■ TO DO ■
Write out the entries verbatim and leave the images out of the copy.

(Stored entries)
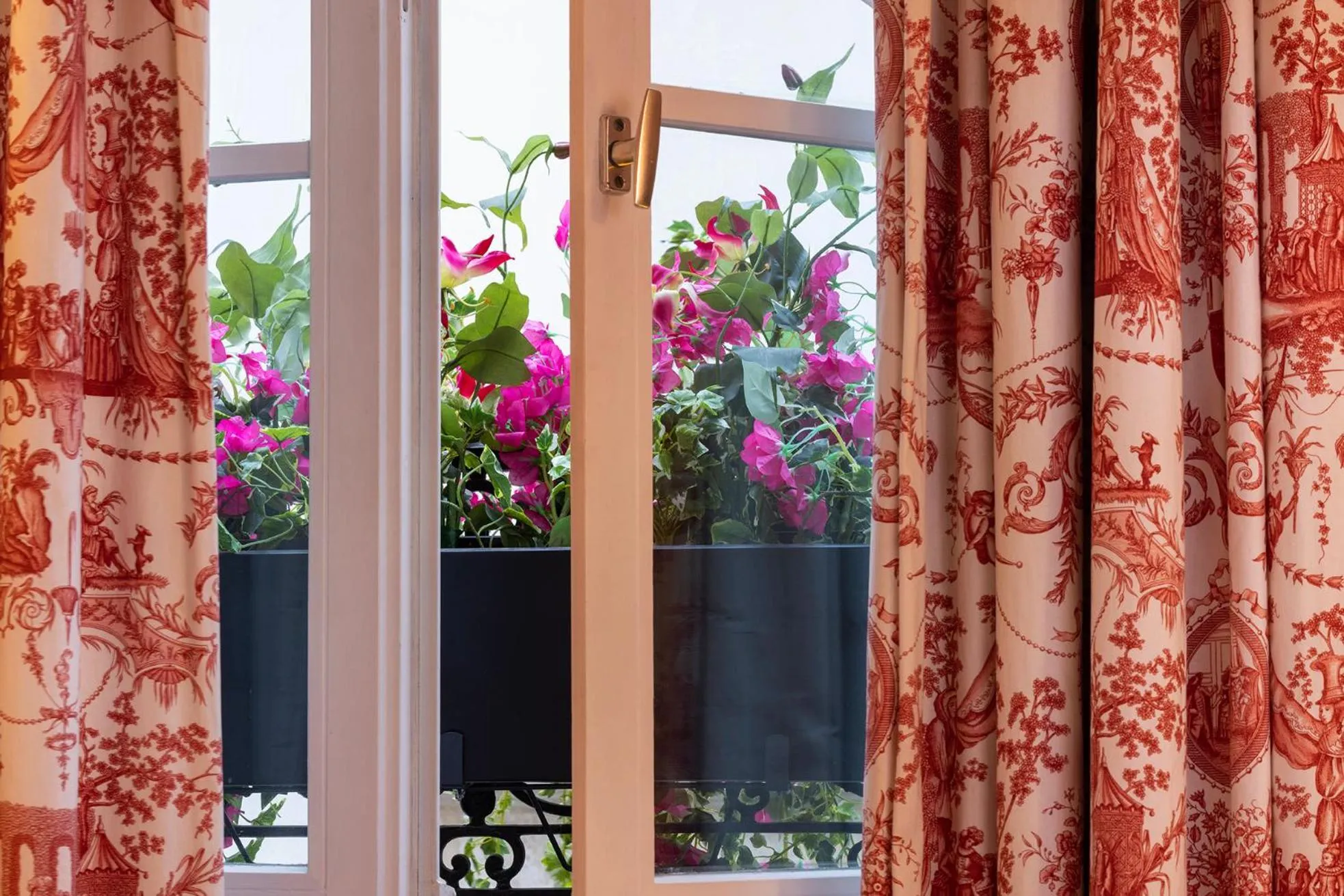 Decorative detail in Relais Hôtel du Vieux Paris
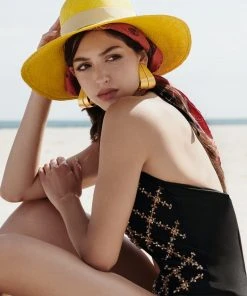 Banniere Faena Scarves WHAT'S HOT 9 Banniere Faena Scarves WHAT'S HOT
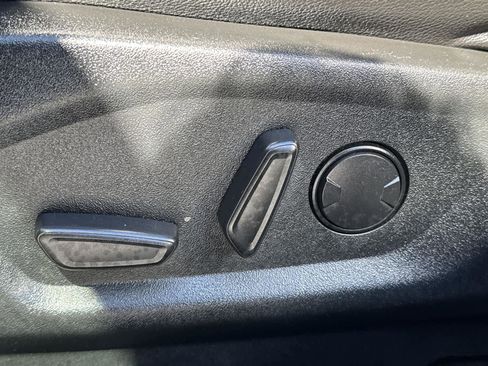 Used 2019 Ford Explorer Limited w/ Class III Trailer Tow Package image 13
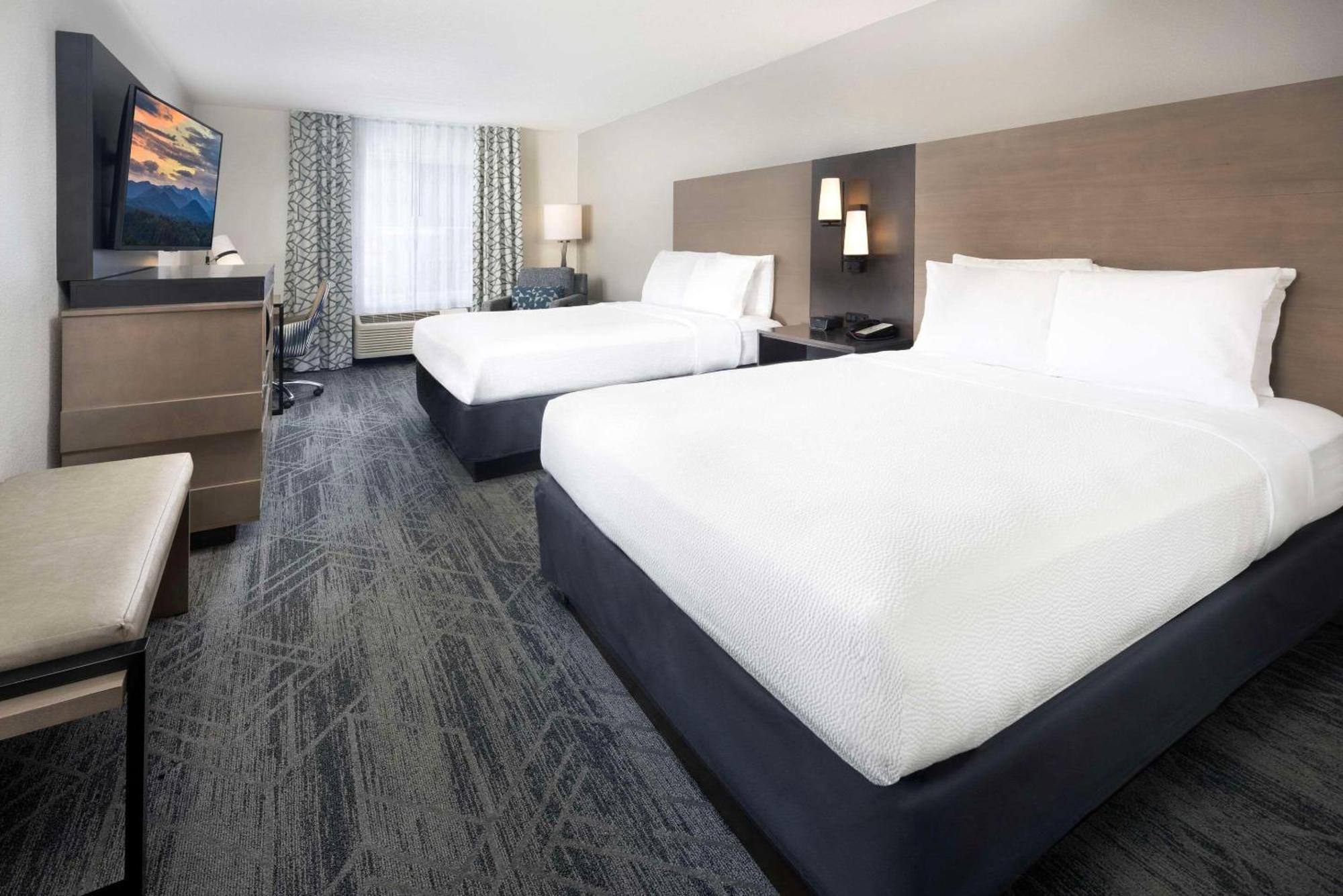Country Inn & Suites By Radisson Asheville Downtown Tunnel Road Εξωτερικό φωτογραφία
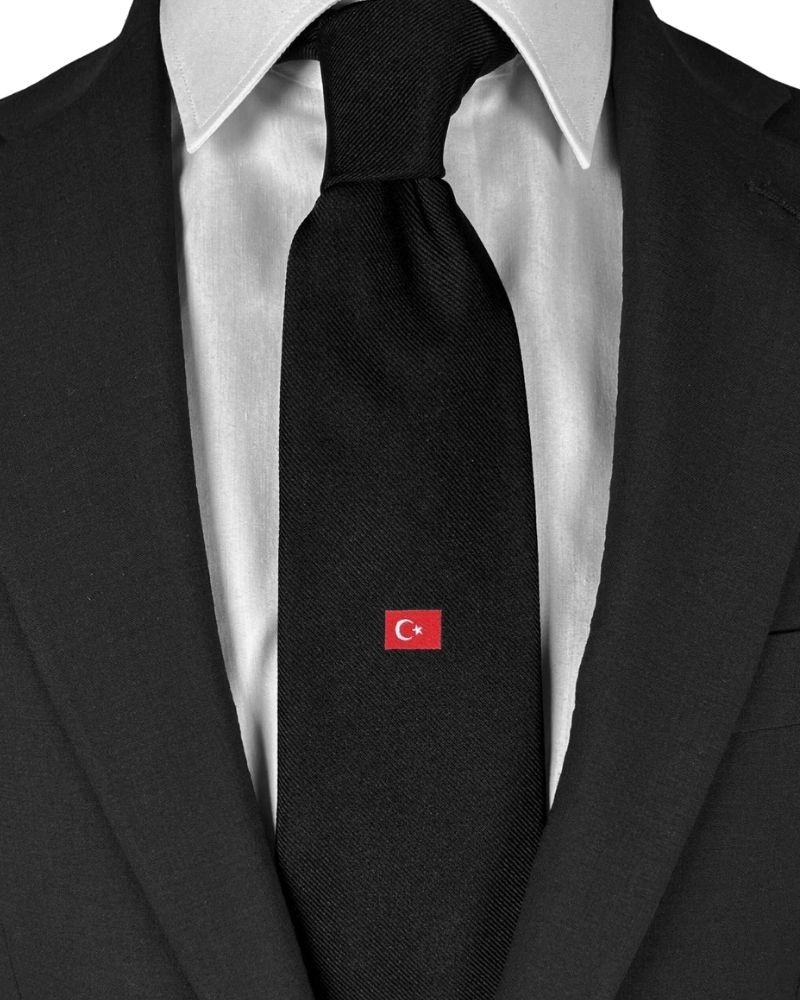 Türk Bayrağı Desenli 100. Yıl Koleksiyonu Hediye Kutulu İpek Kravat - Siyah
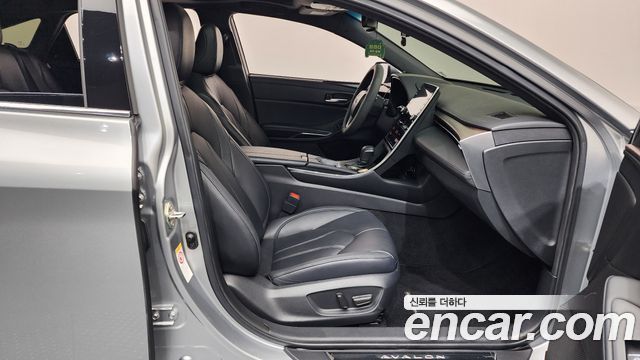 Toyota Avalon 2019 — photo 11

■ FINAL ANSWER ■
 Decorative detail in Relais Hôtel du Vieux Paris
 Banniere Faena Scarves WHAT'S HOT 9 Banniere Faena Scarves WHAT'S HOT
 Used 2019 Ford Explorer Limited w/ Class III Trailer Tow Package image 13
Country Inn & Suites By Radisson Asheville Downtown Tunnel Road Εξωτερικό φωτογραφία
 Türk Bayrağı Desenli 100. Yıl Koleksiyonu Hediye Kutulu İpek Kravat - Siyah
 Toyota Avalon 2019 — photo 11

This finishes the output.